> **Exercise prompt**:
Only the pictures are to be left out; return the rest of the data exactly as it stands.
◇ ◇ ◇
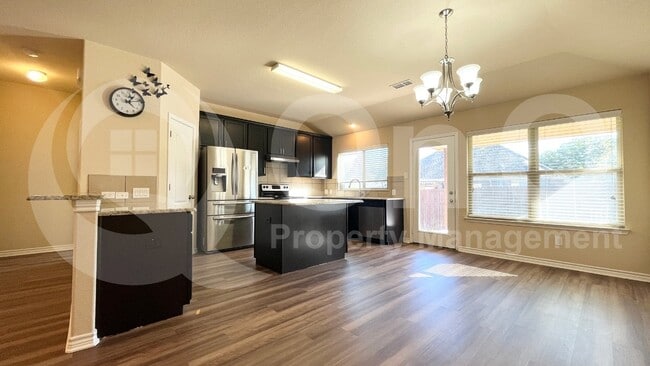 Building Photo - 4524 Lakeside Hollow St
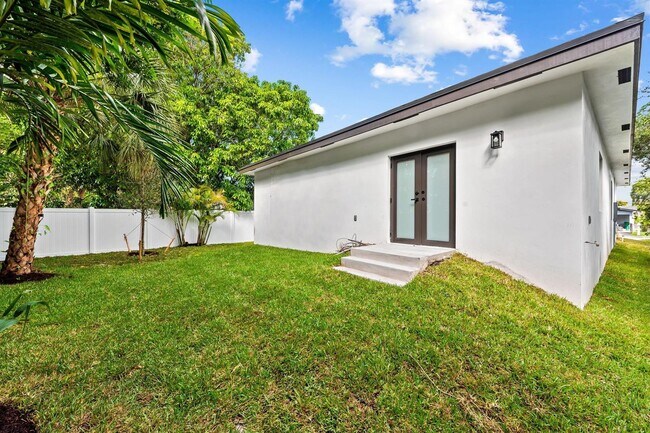 Building Photo - 2810 NW 7th St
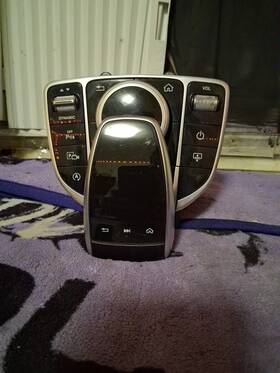 2139059505 Mercedes-benz 2017-2019 E300 Front Center Console Touchpad Info Gps Knob Control Unit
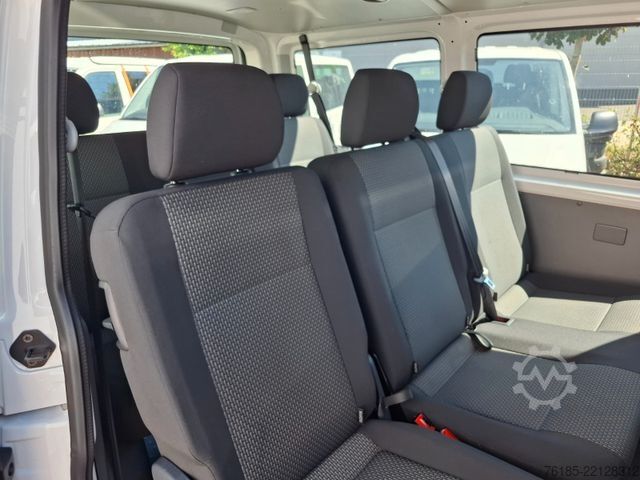 Minibusz VOLKSWAGEN T6.1 9-Sitzer-Stoff  1. Hand Klima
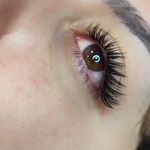 خدمات تخصصی اکستنشن مژه  هلن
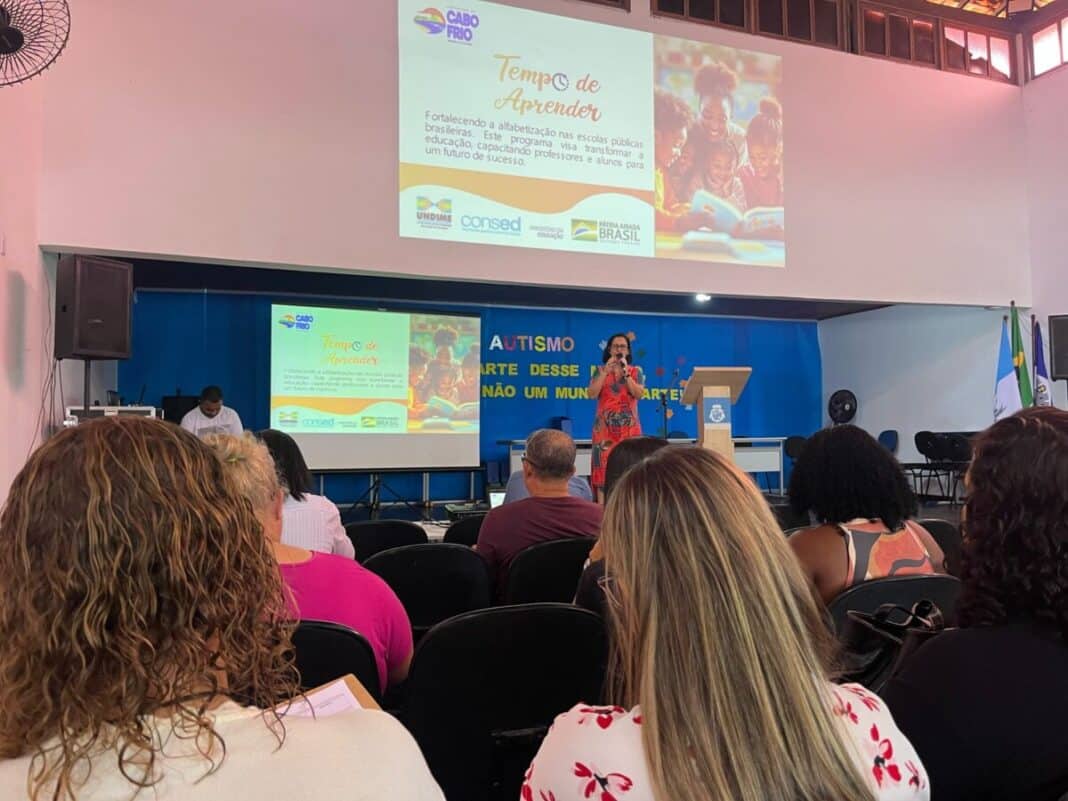 Programa Tempo de Aprender é ampliado para atender mais estudantes da rede municipal de Cabo Frio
◇ ◇ ◇
> **Solution to the problem**:
 Building Photo - 4524 Lakeside Hollow St
 Building Photo - 2810 NW 7th St
 2139059505 Mercedes-benz 2017-2019 E300 Front Center Console Touchpad Info Gps Knob Control Unit
 Minibusz VOLKSWAGEN T6.1 9-Sitzer-Stoff  1. Hand Klima
 خدمات تخصصی اکستنشن مژه  هلن
 Programa Tempo de Aprender é ampliado para atender mais estudantes da rede municipal de Cabo Frio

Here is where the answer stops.